The study results appear online November 5th in The Journal of Bone and Joint Surgery.
Rozental, who specializes in hand, wrist and elbow injuries, examined five years of data (2007-2012) from patients who suffered a distal radial fracture, a break near the wrist end of the radius, the larger of the two long bones in the forearm.
"We know that a distal radial fracture can often be an early indication of bone loss. We typically see this type of fracture 10 to 15 years before we might see a hip fracture," said Rozental, an Associate Professor of Orthopedic Surgery at Harvard Medical School (HMS). "When we treat fractures of the wrist, it gives us the opportunity to do a bone mass density (BMD) evaluation and, if necessary, get patients into treatment with the goal of preventing more serious injury, like a hip fracture down the line."
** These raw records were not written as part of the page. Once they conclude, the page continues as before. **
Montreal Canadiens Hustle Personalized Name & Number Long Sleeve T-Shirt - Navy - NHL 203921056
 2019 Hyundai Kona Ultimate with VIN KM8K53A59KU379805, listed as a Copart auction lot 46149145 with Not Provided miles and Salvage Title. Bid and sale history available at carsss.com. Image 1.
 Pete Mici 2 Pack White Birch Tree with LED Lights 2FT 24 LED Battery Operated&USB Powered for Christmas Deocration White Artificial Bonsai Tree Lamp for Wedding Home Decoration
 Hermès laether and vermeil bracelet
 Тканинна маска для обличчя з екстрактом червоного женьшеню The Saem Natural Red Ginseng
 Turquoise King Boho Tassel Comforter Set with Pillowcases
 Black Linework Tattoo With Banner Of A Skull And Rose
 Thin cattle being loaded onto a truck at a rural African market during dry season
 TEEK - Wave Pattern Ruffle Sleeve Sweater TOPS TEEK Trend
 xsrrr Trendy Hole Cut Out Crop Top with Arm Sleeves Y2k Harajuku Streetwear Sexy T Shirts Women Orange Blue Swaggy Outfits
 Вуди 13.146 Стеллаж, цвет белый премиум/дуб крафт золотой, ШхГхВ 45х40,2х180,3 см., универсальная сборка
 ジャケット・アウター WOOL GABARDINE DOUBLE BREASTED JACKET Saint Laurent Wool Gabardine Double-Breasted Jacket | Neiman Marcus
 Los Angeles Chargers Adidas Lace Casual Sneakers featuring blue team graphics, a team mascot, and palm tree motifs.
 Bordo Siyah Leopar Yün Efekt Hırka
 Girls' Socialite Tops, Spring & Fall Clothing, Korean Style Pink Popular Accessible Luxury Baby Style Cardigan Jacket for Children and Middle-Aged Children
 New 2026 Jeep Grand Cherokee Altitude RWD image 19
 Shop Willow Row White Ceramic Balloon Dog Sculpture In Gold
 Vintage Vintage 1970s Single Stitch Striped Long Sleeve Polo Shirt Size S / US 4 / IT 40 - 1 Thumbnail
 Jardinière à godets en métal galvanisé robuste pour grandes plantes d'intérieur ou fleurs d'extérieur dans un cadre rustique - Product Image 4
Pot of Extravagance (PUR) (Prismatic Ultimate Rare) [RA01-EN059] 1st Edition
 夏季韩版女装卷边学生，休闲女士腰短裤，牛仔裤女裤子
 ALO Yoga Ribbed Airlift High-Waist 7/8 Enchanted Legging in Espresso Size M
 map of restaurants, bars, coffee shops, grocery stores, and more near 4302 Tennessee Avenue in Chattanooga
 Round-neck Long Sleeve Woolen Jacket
Even though existing clinical practice guidelines recommend BMD evaluation after hip fracture for both men and women, studies continue to show that screening rates are unacceptably low, particularly among men, highlighting a critical gap in care. Rozental examined the data to see if the same trend would play out when examining clinical follow up to wrist fractures.
Rozental found that following a wrist fracture, 53 percent of women received Dual X-ray Absorptiometry, the preferred technique for measuring bone mineral density, compared with only 18 percent of men. Additionally, 21 percent of men versus 55 percent of women initiated treatment with calcium and vitamin D supplements within six months of injury, and three percent of men versus 22 percent of women started taking bisphosphonates, a common drug treatment for increasing bone mass.
"We think it's important to reinforce the fact that osteoporosis is not just a woman's disease," said Rozental. Studies have shown that men have twice the mortality rate of women both during initial hospitalization and in the year following a hip fracture. Survival rates following a wrist fracture, the number-one upper extremity fracture in older adults, also are lower among men.
"Treating men for bone fractures, but not the underlying cause, places them at a greater risk for future bone breaks and related complications," said Rozental. "The results of this study lead us to suggest that men over the age of 50 with fractures of the distal radius should undergo further clinical assessment and bone density testing to better identify those at high risk for future fracture as well as those who would benefit from further treatment."